Leave out every picture, then transcribe the rest of the listing exactly.

## Recorded data
>>

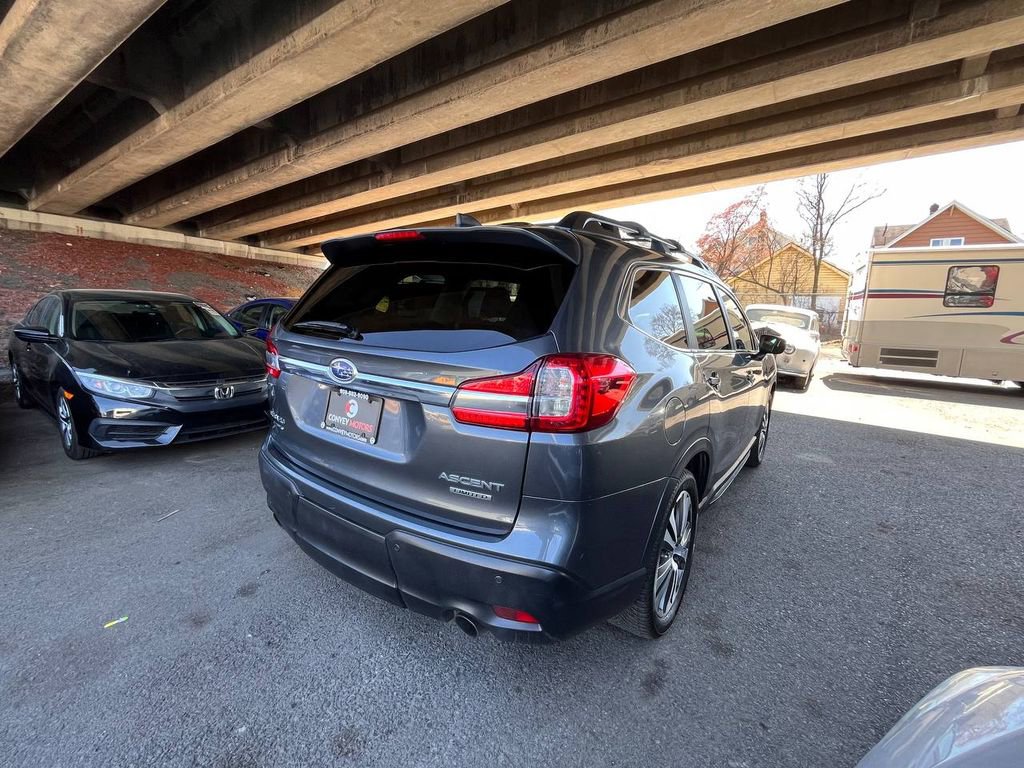 Used 2021 Subaru Ascent Limited w/ Technology Package image 48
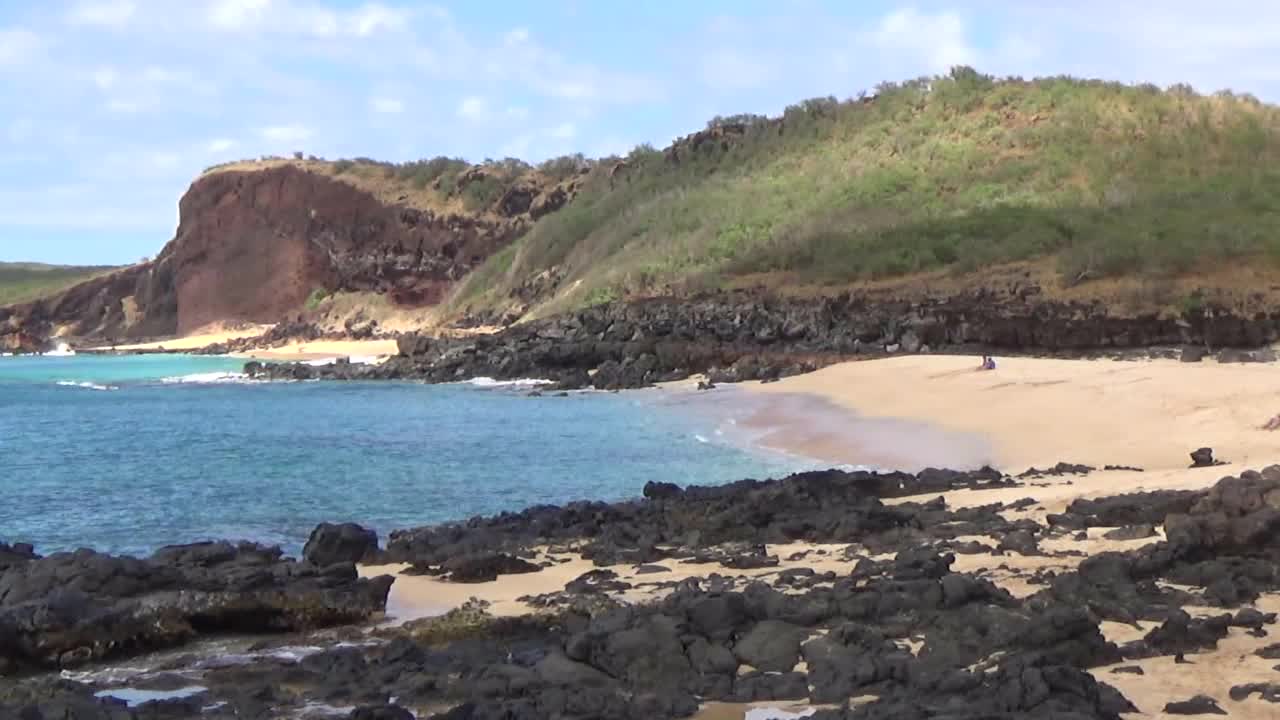 Maunaloa, HI — Pohaku Mauliuli Beach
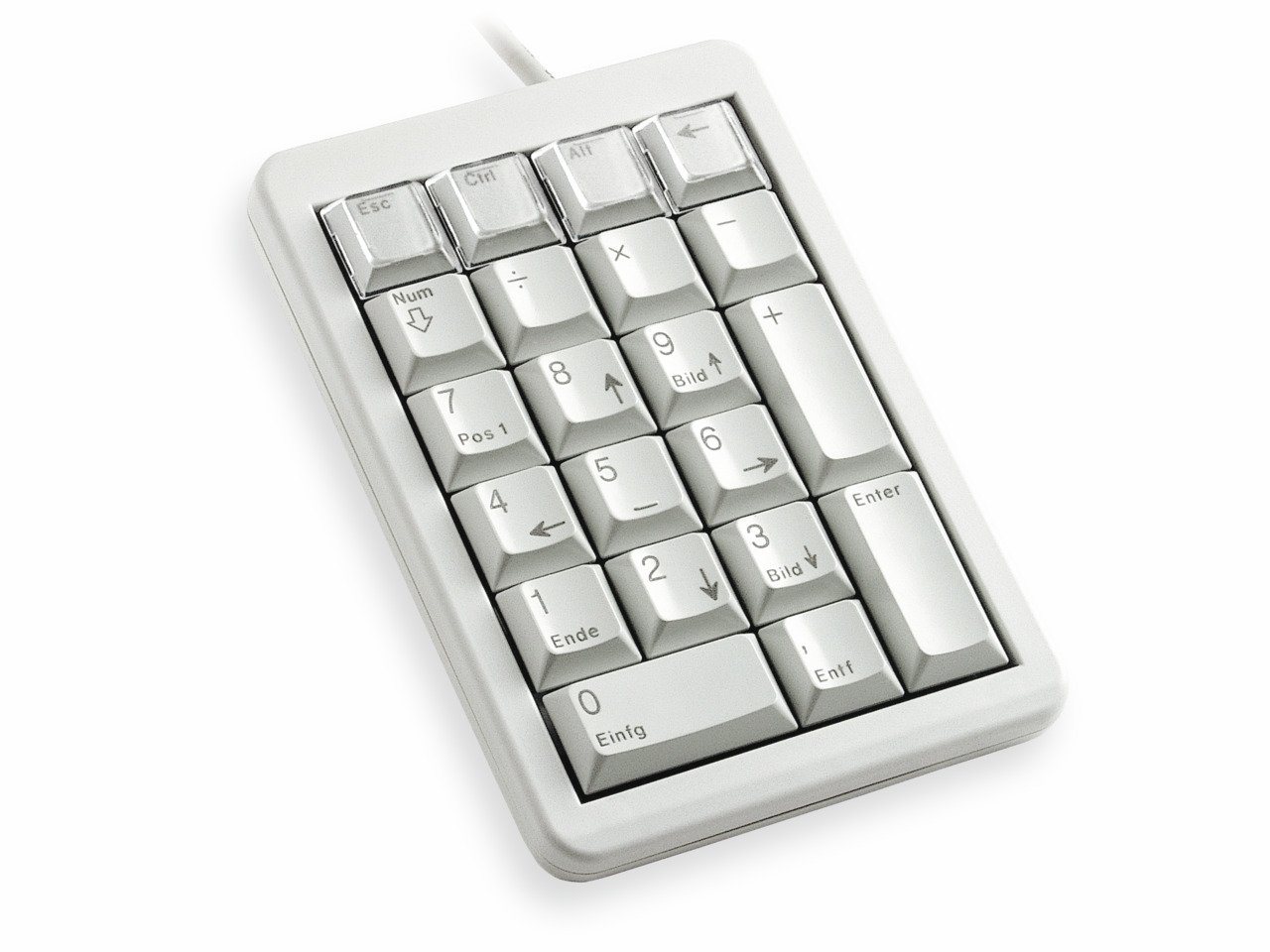 Cherry G84-4700 KEYPAD Tastatur Cherry G84-4700 KEYPAD Tastatur von Cherry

<<

## Response to the exercise
 Used 2021 Subaru Ascent Limited w/ Technology Package image 48
 Maunaloa, HI — Pohaku Mauliuli Beach
 Cherry G84-4700 KEYPAD Tastatur Cherry G84-4700 KEYPAD Tastatur von Cherry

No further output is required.